Rock n Roll bir şov ve bunu milyon dolarlık ışıklarla, alevli meyvelerle değil de 1 davul 1 bass 3 mikrofon ve 2 gitarla yapıyorsan, Airbourne bunun en iyilerinden biri. Kulak verin derim.
seviyorum bu albümü baya verdim 9 u bende. cayır cayır hard rock işte. son albümlerini deinlemedim ama genelde bu albümü geçememişler tarzı yorumlar okudum neyse no guts no glory yi de vakit kaybetmeden dinleyim
Harika bir albümdür, bütün şarkıları akılda kalıcıdır. İyidir iyi. 10 üzerinden 10 bile verebilirim bu albüme.
Geçenlerde yeni gruplardan sağlam kimler var diye bakınmıştım internette orda burda.Eski headbang sayılarından birinde saxon’dan biff röportajında, ilerde büyüyecek gruplardan bir tanesi olarak göstermişti airbourne.İlk o zaman duymuştum bu adamları daha ilk albümlerinin çıkmasına rağmen bu kadar ilerleyebilmişlerse ilerde gerçekten büyük bir grup olabilirler.Son albümleride yeni çıkmış, henüz dinleyemedim ama runnin’ wild’den daha sağlam birşey bekliyorum.
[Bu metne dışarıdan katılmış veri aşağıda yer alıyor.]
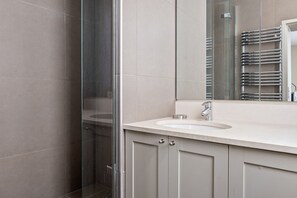 Hair dryer, towels - Blueground | Saint Germain, courtyard, nr Seine (Paris)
müthiş bir albüm bu. en başta AC/DC kopyası gibi gelir çoğu kişiye bu doğru ama dinledikçe insan Airbourne’un eski olan bişeyin üzerine ne kadar farklılık kattığını ve bunu ayrı bir yönden bize sunduğunu görebiliyor. alkolsüz tüketmeyiniz. 10/10.